Our Sages teach us that the air of the Land of Israel makes one wise (Baba Batra 158B). It causes intelligence and wisdom. And the beginning of intelligence is to understand that existence among the gentile nations is totally unpleasant.
We mustn’t forget that the gentile nations do us a favor by allowing us to stay in their lands – until they expel us. One must realize that we are on foreign soil there. It is not our society, nor government, nor culture. Nothing is ours. Only in Israel are we at home with family, living according to our customs, and our uniquely Jewish year, living in the one place designed for our holiness, for our psychological health, even for our physical wellbeing. We must return to health and turn away from polluted, unhealthy places, from environments that sometimes are so polluted and disorienting that a Jew forgets who he really is and thinks that it is normal to live amongst the gentiles. This is a tragic mistake.
Eretz Yisrael is the land of our life, in every possible way, whether national, historical, social, or personal. The air of Israel is our air. These mountains, these hills, these valleys, Jerusalem, Hevron, and Shechem, both spiritually and physically are bonded to us. And if, due to the routine living of our lives, we forget this connection – this is a catastrophe. It is a tragedy when we fall in love with the exile. It is written in the Torah portion of Mishpatim that after six years, a Hebrew slave must go free. If he refuses, saying, “I loved my master – I won’t go out to freedom,” this is an awful thing. Likewise, when we fall in love the galut saying, “I love my master, the foreign nation,” this is a tragic mistake.

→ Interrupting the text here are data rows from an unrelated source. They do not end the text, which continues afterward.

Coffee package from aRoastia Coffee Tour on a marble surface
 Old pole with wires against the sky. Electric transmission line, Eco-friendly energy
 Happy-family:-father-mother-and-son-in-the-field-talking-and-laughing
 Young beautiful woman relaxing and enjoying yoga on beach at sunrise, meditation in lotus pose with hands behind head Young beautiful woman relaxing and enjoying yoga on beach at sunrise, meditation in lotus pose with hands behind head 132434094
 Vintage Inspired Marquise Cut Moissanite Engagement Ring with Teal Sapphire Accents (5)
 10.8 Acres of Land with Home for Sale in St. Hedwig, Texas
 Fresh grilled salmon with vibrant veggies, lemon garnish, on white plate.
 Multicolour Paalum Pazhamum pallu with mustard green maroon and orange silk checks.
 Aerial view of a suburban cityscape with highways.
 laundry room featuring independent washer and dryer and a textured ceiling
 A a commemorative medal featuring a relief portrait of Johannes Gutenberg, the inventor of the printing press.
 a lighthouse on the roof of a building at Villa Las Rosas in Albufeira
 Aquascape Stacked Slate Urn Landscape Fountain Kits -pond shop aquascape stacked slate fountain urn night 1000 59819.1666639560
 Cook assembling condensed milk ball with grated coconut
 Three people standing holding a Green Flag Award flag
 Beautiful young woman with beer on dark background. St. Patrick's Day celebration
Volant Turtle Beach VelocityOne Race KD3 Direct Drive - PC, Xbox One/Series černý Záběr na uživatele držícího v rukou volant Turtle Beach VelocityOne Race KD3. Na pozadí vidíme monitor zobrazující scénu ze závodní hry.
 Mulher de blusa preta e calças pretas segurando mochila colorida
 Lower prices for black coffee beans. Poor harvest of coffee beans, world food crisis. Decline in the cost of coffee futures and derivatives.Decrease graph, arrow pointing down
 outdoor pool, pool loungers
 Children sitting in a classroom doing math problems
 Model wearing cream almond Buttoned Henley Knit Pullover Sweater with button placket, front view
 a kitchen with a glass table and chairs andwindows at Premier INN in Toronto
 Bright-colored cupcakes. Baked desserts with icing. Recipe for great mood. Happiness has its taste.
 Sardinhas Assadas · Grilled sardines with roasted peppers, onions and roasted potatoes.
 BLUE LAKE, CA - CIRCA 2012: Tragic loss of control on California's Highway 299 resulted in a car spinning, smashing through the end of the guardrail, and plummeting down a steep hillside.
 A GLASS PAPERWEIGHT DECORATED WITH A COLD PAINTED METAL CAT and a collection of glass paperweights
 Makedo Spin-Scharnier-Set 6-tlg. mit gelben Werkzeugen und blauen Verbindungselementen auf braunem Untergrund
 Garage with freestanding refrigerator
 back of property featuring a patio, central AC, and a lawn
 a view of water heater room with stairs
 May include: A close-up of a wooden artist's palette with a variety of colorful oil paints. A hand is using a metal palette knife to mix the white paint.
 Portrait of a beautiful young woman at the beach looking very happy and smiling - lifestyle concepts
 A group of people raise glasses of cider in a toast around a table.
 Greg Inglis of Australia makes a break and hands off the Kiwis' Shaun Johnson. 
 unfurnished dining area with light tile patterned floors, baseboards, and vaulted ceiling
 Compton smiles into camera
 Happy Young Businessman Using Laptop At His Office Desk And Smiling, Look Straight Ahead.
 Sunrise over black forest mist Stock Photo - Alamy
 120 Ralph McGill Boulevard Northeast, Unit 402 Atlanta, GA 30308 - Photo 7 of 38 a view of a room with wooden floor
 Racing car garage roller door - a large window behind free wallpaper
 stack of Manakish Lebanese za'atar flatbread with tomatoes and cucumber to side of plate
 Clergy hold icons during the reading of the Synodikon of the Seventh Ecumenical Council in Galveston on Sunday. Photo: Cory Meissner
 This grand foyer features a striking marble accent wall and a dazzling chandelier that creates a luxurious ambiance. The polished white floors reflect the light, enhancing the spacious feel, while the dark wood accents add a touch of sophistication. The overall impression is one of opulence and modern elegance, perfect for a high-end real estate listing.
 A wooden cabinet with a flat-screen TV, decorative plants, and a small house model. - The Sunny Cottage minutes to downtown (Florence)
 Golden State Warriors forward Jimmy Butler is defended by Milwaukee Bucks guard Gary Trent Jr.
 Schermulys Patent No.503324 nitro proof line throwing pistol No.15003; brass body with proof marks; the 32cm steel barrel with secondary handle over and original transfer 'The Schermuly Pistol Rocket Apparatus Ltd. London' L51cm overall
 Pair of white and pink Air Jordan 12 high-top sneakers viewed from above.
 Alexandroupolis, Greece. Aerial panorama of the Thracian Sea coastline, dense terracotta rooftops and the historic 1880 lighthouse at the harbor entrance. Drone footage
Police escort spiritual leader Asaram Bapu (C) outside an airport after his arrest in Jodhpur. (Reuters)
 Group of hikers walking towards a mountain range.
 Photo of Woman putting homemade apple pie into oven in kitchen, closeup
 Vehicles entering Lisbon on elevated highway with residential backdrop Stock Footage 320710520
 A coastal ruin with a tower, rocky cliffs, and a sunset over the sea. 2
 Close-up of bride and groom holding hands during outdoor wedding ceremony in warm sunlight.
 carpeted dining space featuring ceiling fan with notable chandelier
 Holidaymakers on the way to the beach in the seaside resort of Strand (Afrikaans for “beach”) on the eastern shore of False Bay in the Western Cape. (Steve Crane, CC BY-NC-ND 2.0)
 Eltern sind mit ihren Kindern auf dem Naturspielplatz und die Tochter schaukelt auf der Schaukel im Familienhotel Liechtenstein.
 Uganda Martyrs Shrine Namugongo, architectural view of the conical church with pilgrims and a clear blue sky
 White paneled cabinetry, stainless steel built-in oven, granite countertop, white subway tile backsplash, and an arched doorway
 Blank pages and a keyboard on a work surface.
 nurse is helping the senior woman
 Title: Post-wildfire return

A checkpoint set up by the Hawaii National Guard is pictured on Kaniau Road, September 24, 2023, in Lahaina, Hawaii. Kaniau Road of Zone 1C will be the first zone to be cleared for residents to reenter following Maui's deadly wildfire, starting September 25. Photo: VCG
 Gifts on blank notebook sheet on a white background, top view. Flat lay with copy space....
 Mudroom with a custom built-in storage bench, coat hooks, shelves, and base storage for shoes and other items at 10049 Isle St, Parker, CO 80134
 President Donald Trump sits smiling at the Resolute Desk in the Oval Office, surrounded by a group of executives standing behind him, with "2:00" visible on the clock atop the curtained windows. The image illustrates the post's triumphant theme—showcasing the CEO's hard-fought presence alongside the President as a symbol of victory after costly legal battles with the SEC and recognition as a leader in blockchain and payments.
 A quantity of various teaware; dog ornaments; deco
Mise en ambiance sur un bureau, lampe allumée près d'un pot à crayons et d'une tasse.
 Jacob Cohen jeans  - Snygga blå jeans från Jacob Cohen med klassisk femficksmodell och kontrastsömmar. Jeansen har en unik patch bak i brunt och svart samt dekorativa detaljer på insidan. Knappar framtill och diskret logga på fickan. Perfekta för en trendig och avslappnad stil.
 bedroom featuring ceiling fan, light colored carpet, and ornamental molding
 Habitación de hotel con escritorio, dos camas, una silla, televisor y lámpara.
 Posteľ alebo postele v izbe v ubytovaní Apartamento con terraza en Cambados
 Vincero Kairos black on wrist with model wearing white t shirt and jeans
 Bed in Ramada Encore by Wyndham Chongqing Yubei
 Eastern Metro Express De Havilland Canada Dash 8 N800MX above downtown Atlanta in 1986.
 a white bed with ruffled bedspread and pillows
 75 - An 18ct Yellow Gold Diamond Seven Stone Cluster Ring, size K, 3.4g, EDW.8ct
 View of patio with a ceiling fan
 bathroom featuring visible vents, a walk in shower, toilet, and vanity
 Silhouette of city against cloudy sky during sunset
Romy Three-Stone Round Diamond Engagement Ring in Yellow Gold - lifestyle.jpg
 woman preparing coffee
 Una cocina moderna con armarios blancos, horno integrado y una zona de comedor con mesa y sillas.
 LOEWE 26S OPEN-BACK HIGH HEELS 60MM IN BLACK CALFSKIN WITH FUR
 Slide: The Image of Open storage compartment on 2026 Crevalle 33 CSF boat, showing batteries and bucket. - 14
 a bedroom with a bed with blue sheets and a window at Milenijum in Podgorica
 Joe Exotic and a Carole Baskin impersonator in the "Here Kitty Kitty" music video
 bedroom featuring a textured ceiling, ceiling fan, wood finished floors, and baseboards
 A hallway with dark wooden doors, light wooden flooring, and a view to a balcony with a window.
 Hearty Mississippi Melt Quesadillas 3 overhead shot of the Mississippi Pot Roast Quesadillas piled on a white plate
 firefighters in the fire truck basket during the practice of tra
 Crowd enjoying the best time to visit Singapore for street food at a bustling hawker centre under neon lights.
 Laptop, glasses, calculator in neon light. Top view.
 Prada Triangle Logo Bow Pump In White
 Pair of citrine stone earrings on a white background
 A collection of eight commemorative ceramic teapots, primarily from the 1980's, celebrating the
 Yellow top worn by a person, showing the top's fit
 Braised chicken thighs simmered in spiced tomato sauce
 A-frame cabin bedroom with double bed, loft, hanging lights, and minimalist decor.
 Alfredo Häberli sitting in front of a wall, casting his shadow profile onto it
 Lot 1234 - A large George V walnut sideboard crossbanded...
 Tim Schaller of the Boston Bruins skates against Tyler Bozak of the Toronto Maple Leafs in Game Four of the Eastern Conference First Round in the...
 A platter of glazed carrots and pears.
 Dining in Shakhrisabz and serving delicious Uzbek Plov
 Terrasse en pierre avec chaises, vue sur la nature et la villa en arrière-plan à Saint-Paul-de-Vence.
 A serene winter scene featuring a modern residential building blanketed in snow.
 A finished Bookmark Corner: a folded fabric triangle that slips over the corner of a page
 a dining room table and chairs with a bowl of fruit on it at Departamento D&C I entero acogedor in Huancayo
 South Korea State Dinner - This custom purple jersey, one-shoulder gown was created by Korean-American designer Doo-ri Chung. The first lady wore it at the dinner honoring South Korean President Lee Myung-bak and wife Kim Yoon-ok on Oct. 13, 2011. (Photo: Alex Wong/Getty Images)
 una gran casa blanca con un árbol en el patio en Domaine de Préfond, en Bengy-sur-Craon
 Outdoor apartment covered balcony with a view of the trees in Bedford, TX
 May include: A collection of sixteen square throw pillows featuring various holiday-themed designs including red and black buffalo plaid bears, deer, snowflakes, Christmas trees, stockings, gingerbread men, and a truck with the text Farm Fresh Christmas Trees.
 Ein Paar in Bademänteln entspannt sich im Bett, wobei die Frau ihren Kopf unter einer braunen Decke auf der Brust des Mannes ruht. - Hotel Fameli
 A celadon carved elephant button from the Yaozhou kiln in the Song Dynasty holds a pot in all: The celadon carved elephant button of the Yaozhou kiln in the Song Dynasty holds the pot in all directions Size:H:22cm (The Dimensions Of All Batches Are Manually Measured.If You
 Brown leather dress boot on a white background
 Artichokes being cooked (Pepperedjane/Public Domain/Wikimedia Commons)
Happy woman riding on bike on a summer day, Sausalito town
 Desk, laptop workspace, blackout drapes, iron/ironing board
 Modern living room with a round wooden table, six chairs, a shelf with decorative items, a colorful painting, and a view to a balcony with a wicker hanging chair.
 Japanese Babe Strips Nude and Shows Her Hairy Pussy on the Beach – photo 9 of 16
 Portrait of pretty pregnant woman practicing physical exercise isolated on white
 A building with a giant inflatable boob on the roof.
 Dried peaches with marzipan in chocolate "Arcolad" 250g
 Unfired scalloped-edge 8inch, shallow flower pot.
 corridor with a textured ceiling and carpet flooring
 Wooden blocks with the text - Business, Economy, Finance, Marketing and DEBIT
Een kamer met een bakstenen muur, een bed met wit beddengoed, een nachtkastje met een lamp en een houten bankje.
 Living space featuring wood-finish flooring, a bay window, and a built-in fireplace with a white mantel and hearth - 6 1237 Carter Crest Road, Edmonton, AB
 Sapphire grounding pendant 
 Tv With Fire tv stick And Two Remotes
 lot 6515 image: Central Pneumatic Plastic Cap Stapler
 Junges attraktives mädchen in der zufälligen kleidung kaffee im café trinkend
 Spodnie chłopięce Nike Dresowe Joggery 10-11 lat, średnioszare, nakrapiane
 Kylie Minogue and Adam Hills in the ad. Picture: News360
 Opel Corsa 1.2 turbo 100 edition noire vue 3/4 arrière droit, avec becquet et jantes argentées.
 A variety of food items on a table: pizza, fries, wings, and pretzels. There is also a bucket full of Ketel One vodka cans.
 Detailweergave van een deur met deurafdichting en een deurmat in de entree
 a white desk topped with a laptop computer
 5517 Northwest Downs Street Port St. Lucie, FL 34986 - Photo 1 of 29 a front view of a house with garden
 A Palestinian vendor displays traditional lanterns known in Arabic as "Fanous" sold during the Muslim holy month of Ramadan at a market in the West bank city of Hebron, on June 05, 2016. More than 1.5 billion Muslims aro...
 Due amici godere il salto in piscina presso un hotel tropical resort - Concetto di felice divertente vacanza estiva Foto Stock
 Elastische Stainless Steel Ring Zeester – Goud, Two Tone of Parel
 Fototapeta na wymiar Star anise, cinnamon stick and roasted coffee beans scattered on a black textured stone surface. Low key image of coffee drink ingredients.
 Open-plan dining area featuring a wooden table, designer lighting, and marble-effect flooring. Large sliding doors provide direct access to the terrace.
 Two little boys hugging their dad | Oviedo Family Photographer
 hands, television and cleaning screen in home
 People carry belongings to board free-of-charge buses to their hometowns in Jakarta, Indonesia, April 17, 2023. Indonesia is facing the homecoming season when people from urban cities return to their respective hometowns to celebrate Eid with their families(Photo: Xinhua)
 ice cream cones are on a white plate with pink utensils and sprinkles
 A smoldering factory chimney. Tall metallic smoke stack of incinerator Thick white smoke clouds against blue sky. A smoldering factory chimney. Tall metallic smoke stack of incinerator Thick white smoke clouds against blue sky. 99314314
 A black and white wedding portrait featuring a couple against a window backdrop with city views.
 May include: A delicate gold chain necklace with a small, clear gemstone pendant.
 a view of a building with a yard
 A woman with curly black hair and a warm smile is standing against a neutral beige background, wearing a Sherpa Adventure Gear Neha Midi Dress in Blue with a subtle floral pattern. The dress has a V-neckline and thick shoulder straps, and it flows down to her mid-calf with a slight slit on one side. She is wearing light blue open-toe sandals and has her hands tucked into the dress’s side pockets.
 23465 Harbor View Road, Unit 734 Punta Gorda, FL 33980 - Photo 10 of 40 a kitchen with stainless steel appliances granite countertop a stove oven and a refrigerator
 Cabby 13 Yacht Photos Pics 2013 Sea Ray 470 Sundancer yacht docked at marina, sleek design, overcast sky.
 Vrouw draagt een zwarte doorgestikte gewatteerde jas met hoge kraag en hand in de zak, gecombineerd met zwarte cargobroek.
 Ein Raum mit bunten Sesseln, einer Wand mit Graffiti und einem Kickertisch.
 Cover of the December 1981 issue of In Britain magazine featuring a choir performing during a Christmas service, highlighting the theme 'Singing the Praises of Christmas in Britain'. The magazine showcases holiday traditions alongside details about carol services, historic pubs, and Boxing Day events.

We need to foster the understanding and the feeling that we must live in Israel, that this is our normal place, in terms of religion, and in terms of our nationhood.
If we are not here, we are unhealthy. And from time to time, the gentiles remind us that we are living in their domain, in an alien land.
This must be clear before anything else – no matter where a Jew is, he belongs only to Eretz Yisrael. This is his permanent home. Outside the Land, we have the status of guests. For two or three years, it is possible to be there in order to fill a mitzvah, but the aim of our life is to live here.
It is sometimes erroneously thought that living in Israel, conquering her, settling the land, and keeping her under Jewish sovereignty, are only the means for observing a Torah lifestyle in Israel. This is a mistake. The precept of conquering and settling the land is, in itself, a mitzvah prescribed by the Torah to settle the land so that it will not lay in desolation. In Judaism, it is accepted that, among the early Torah authorities, second in importance to the Rambam (Maimonides) is the Ramban (Nachmonides), one of the most outstanding sages and Kabbalists, two things which go hand in hand.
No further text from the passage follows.